MATERIAL PROVIDED.

====

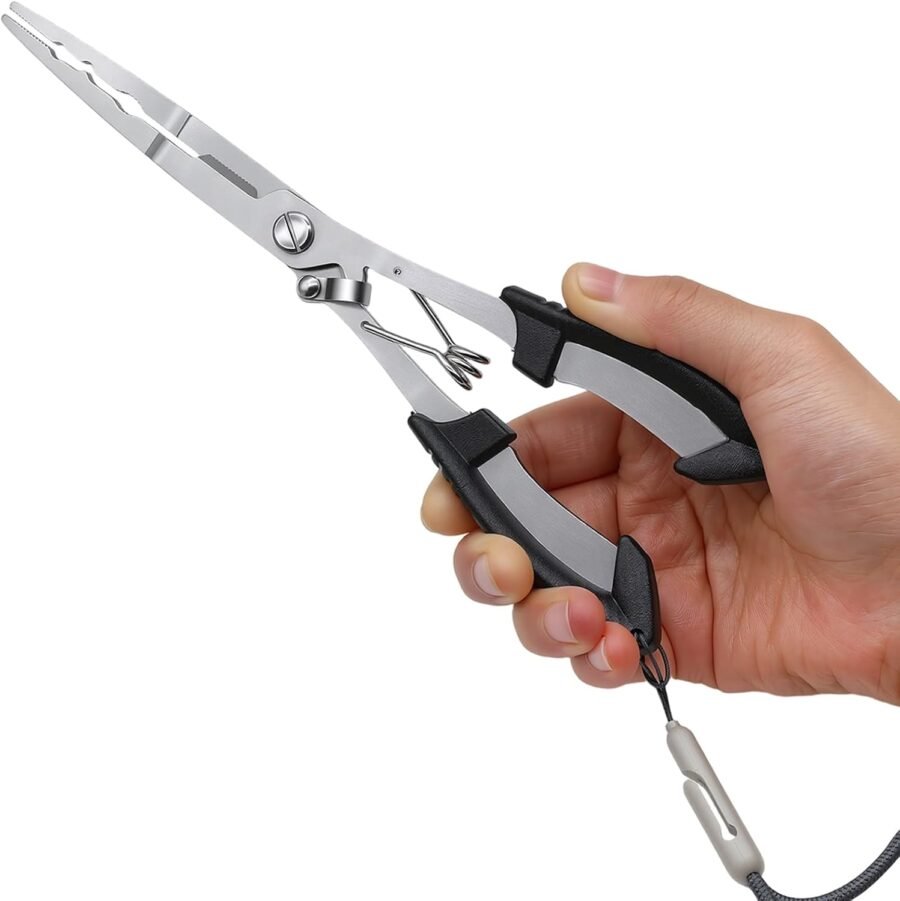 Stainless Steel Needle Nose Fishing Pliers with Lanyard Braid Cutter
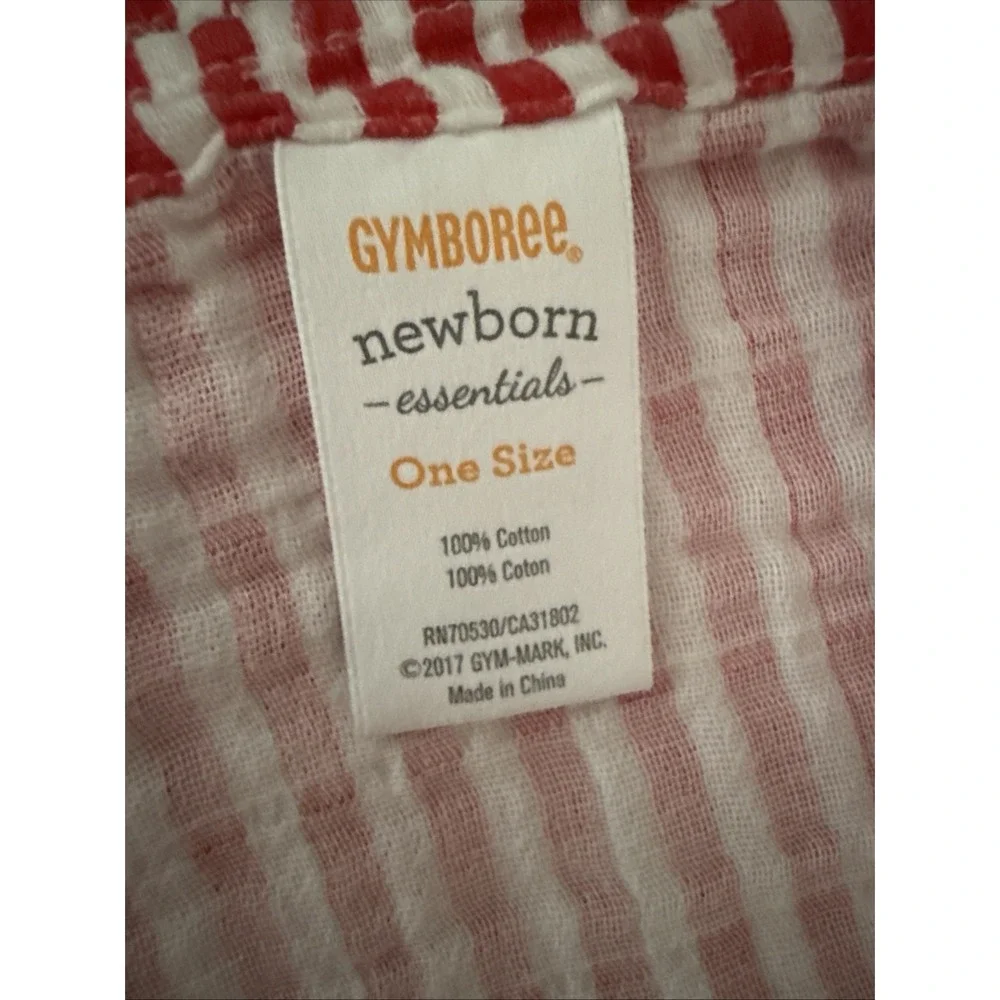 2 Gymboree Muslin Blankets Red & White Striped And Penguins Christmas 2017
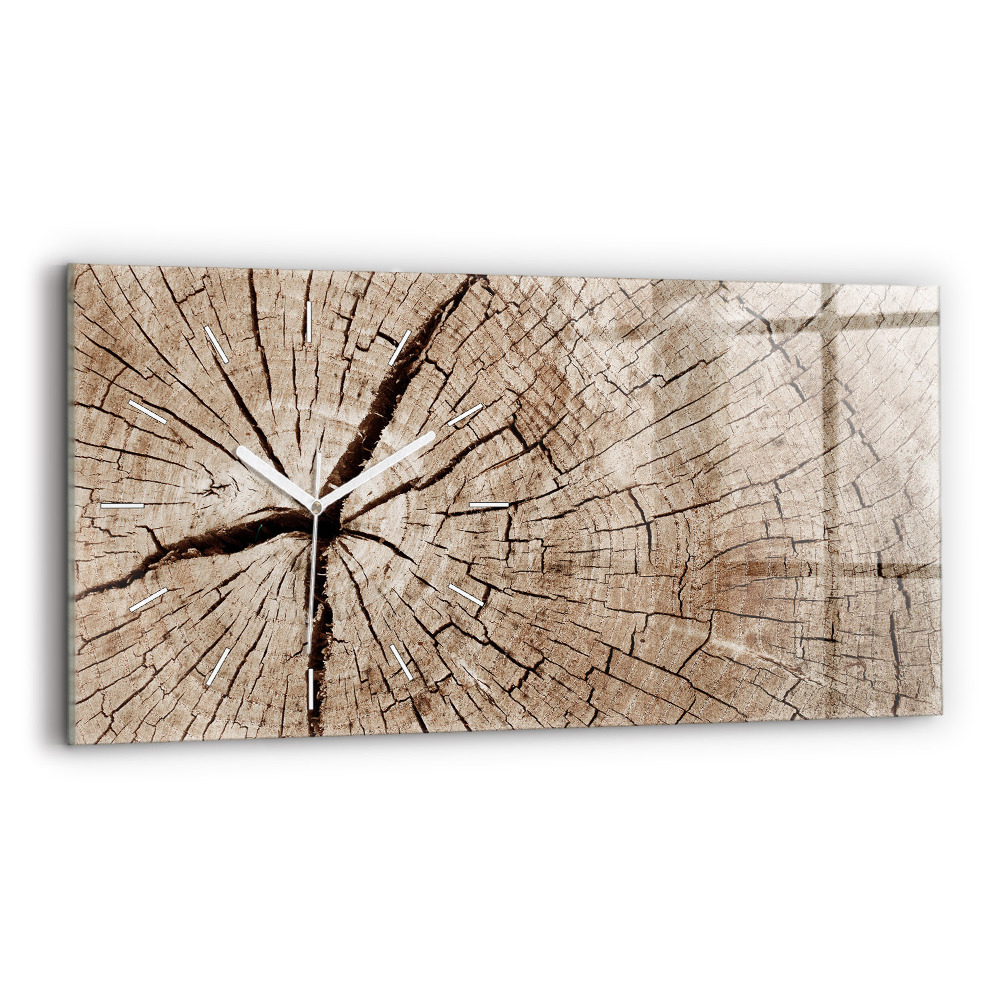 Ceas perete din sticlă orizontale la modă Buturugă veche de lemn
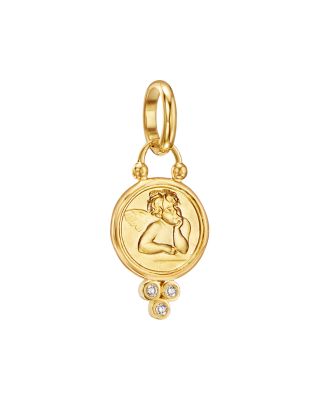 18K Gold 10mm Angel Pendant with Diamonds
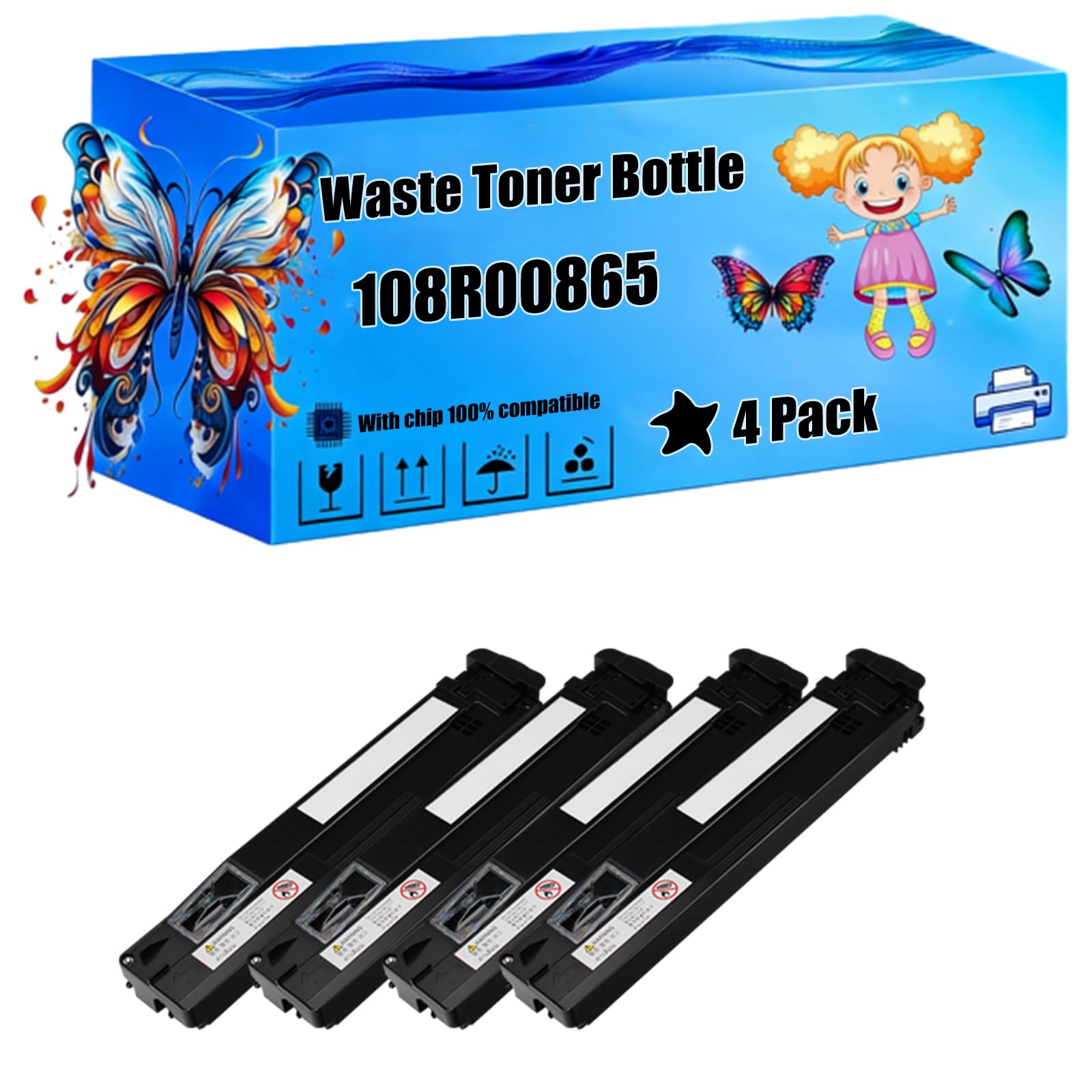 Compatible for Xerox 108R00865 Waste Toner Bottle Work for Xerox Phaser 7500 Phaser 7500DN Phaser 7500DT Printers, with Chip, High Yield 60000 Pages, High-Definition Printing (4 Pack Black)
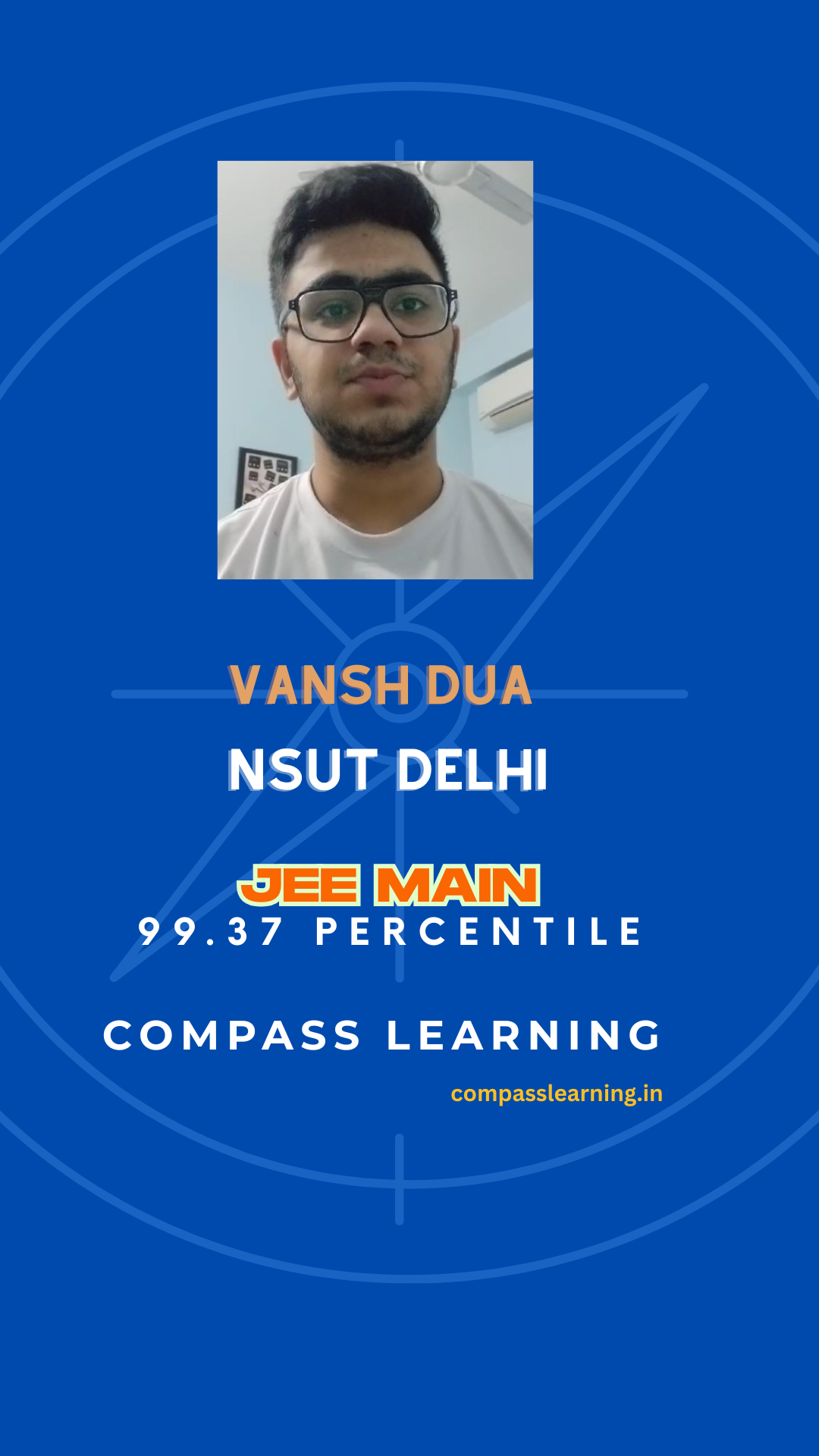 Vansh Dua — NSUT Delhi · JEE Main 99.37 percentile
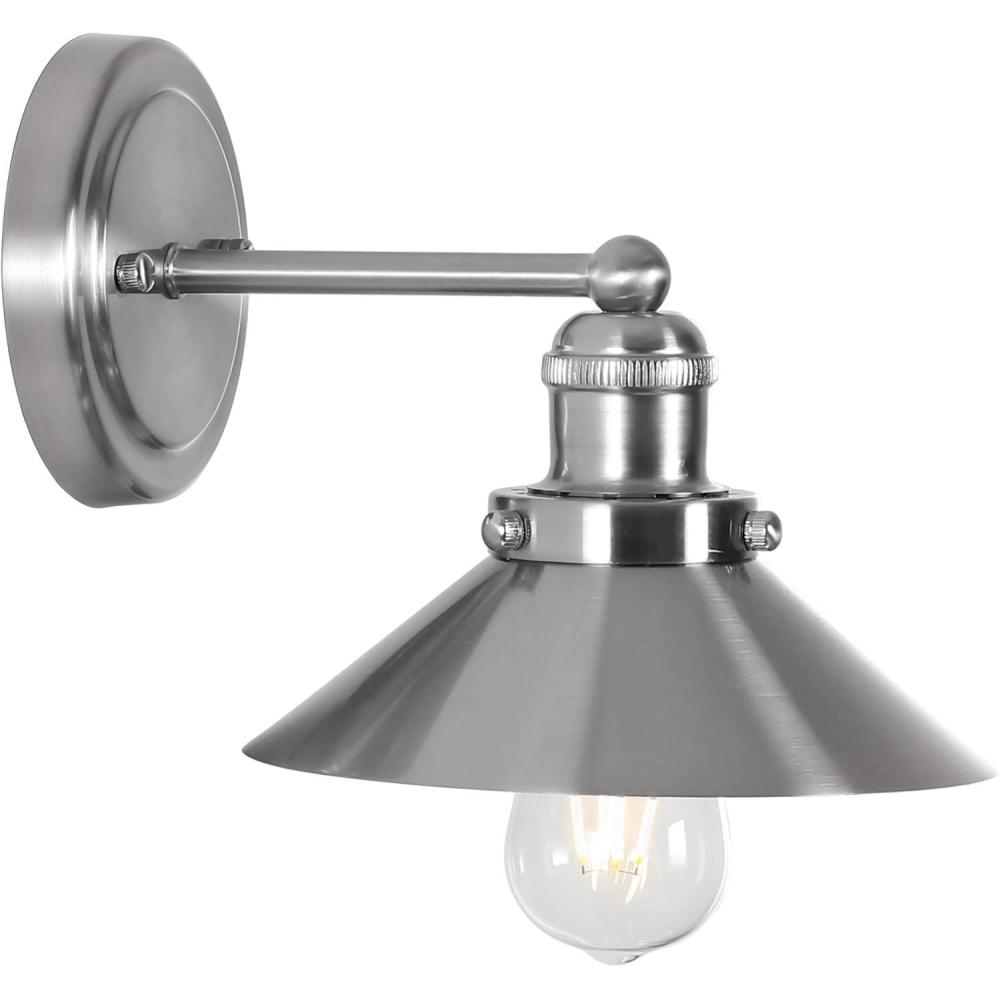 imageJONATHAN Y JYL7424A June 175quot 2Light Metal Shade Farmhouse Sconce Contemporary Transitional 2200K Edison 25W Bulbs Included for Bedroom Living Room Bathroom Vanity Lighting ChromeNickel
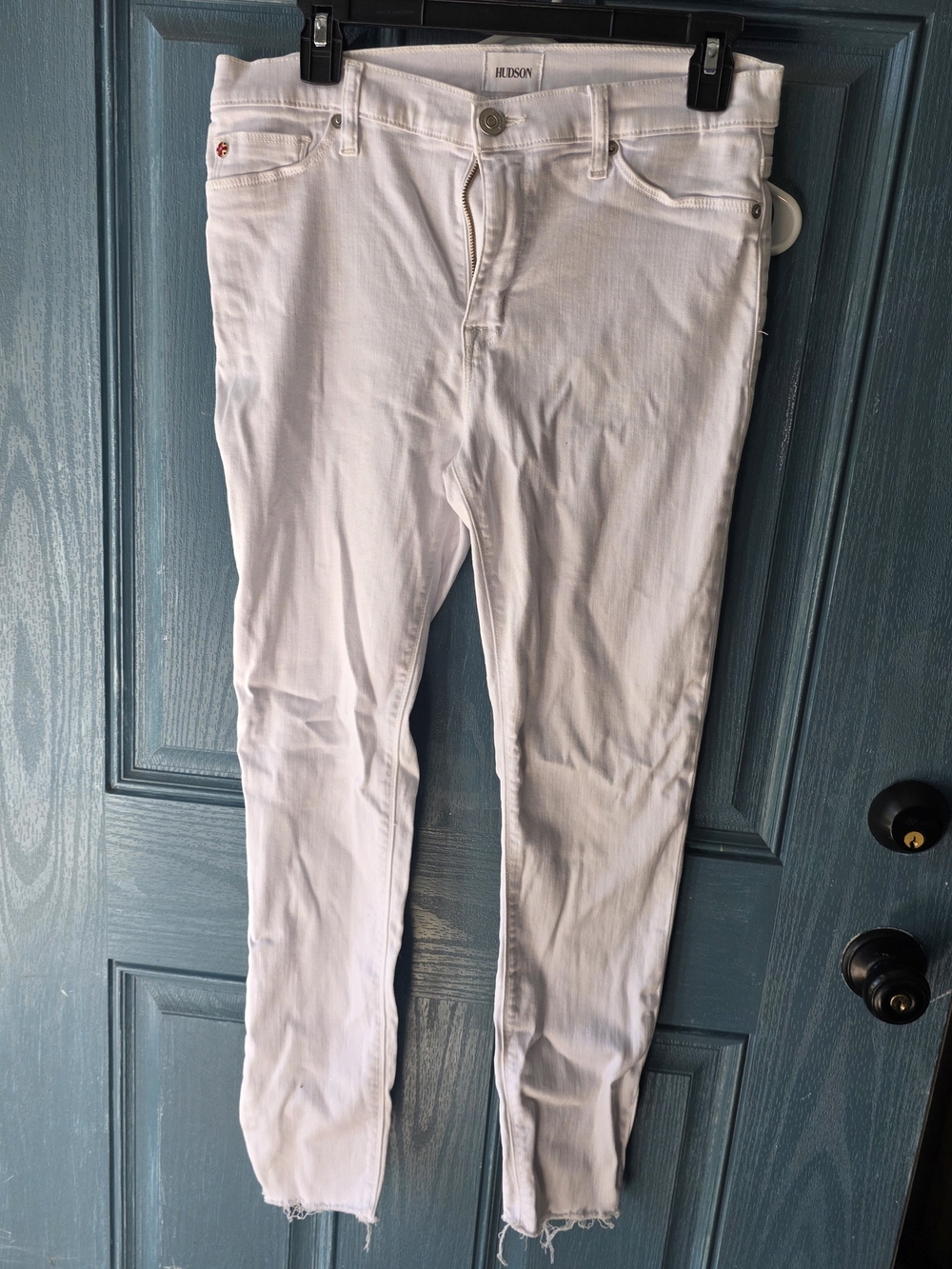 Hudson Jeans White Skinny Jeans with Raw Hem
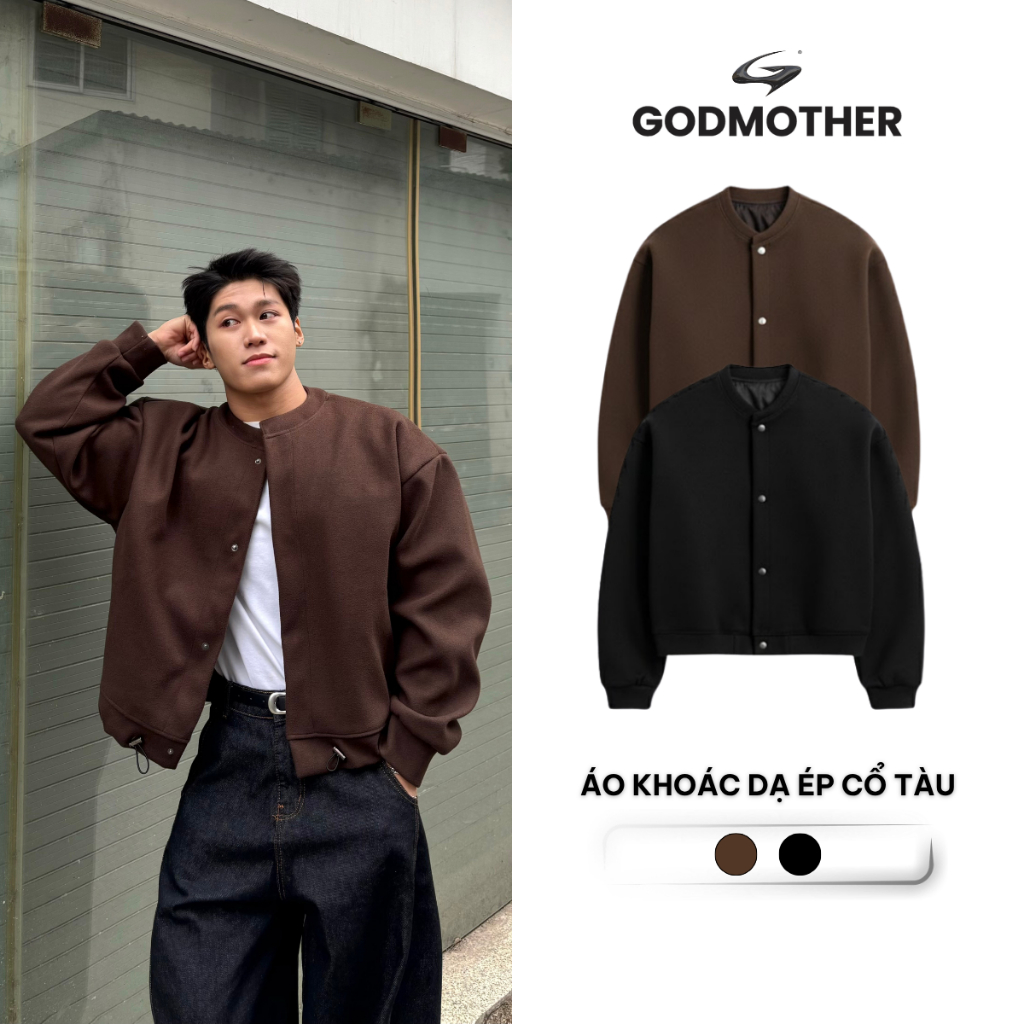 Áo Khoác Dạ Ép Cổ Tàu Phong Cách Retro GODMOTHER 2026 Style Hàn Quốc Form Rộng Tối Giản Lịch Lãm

====

WHAT NEEDS TO BE DONE. Omit the pictures and copy the records above exactly.

EXERCISE ANSWER.
 Stainless Steel Needle Nose Fishing Pliers with Lanyard Braid Cutter
 2 Gymboree Muslin Blankets Red & White Striped And Penguins Christmas 2017
 Ceas perete din sticlă orizontale la modă Buturugă veche de lemn
 18K Gold 10mm Angel Pendant with Diamonds
 Compatible for Xerox 108R00865 Waste Toner Bottle Work for Xerox Phaser 7500 Phaser 7500DN Phaser 7500DT Printers, with Chip, High Yield 60000 Pages, High-Definition Printing (4 Pack Black)
 Vansh Dua — NSUT Delhi · JEE Main 99.37 percentile
 imageJONATHAN Y JYL7424A June 175quot 2Light Metal Shade Farmhouse Sconce Contemporary Transitional 2200K Edison 25W Bulbs Included for Bedroom Living Room Bathroom Vanity Lighting ChromeNickel
 Hudson Jeans White Skinny Jeans with Raw Hem
 Áo Khoác Dạ Ép Cổ Tàu Phong Cách Retro GODMOTHER 2026 Style Hàn Quốc Form Rộng Tối Giản Lịch Lãm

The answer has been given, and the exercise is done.